A faithful copy of all the data is required; pictures should not be included.

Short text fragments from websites
= = = = =

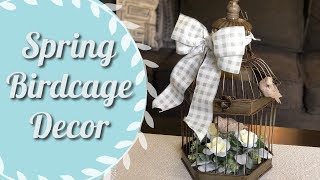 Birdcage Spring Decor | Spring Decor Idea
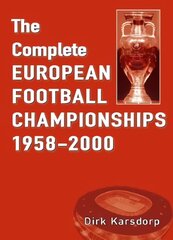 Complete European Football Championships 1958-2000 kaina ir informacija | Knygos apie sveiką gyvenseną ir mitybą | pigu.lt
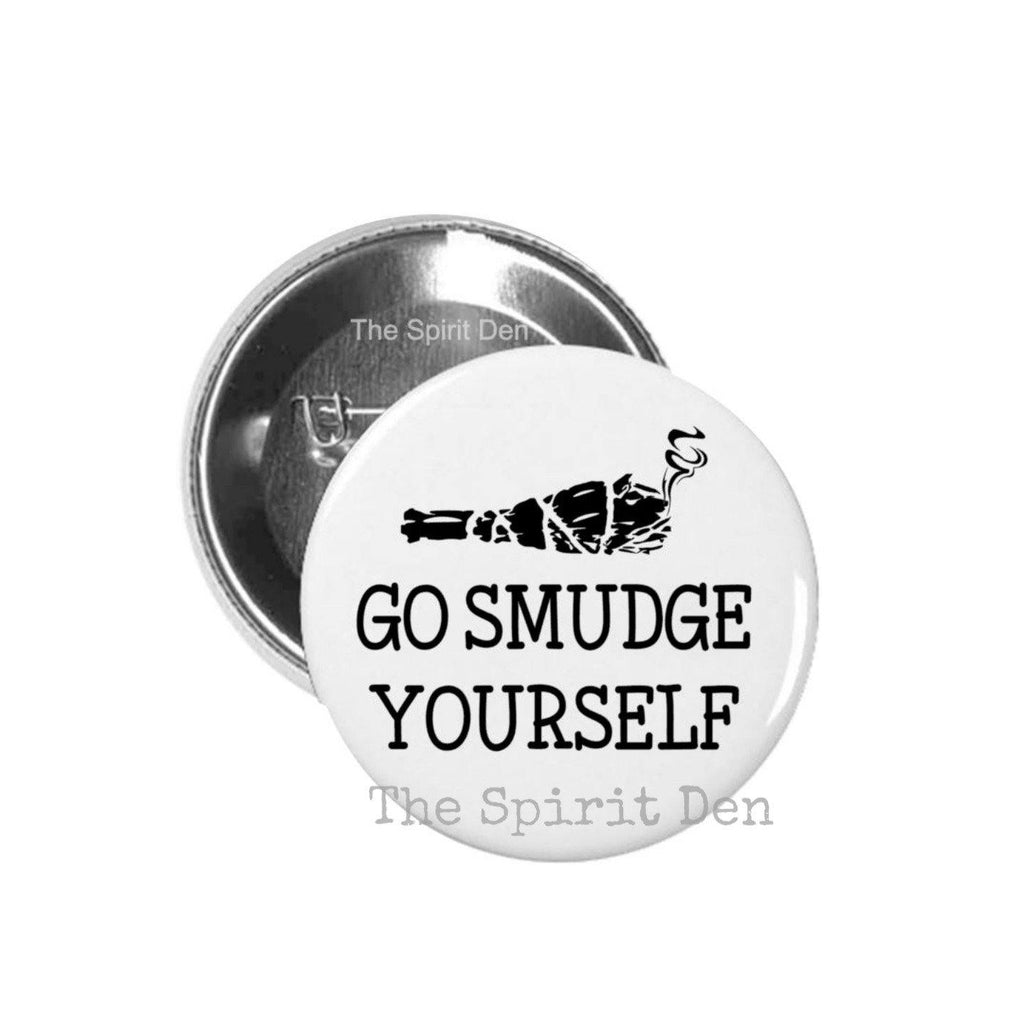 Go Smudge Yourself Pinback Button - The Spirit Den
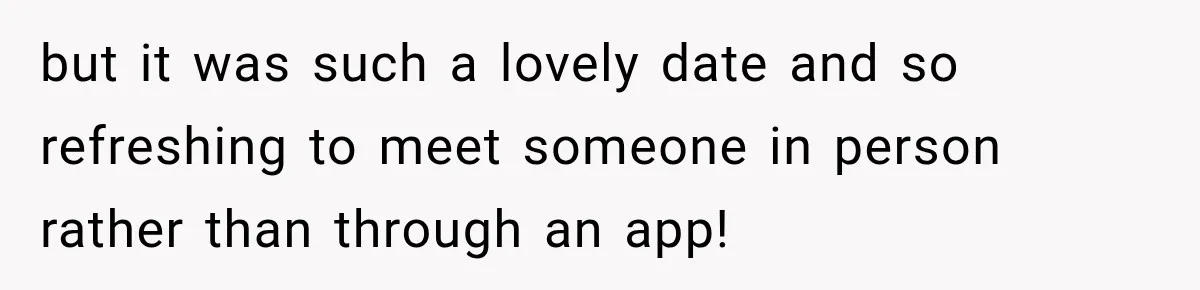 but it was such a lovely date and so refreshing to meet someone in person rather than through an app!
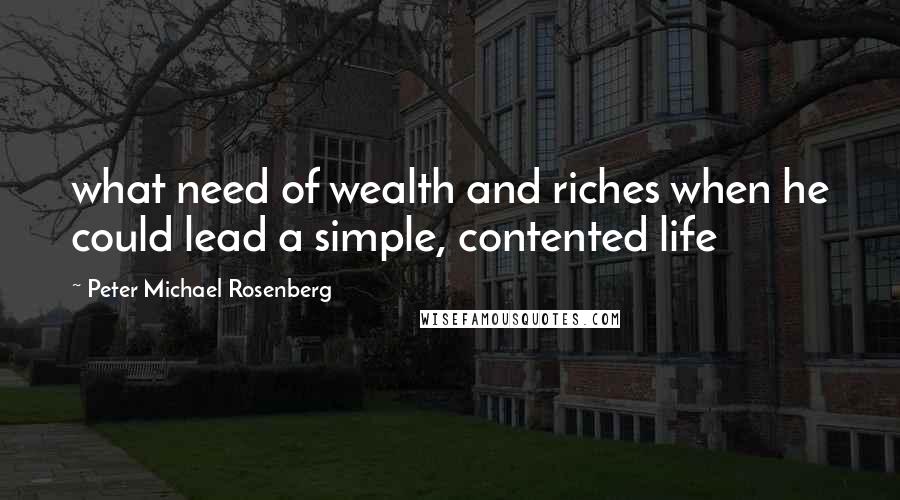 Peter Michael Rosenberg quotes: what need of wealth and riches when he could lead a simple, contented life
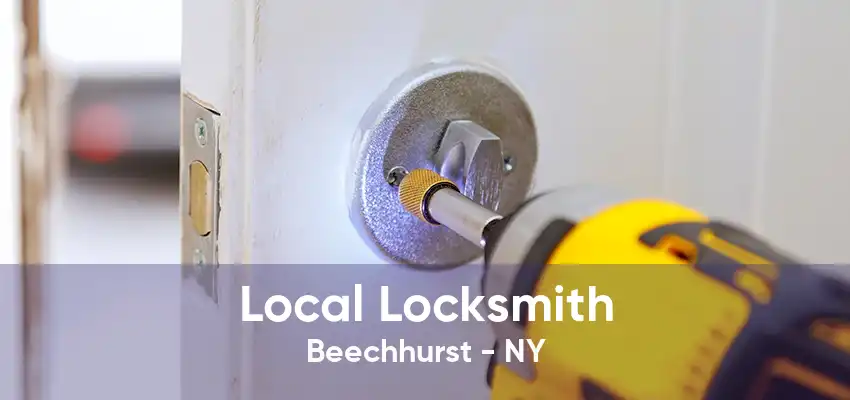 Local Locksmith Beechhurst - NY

= = = = =

> **REPLY**
 Birdcage Spring Decor | Spring Decor Idea
 Complete European Football Championships 1958-2000 kaina ir informacija | Knygos apie sveiką gyvenseną ir mitybą | pigu.lt
 Go Smudge Yourself Pinback Button - The Spirit Den
 but it was such a lovely date and so refreshing to meet someone in person rather than through an app!
 Peter Michael Rosenberg quotes: what need of wealth and riches when he could lead a simple, contented life
 Local Locksmith Beechhurst - NY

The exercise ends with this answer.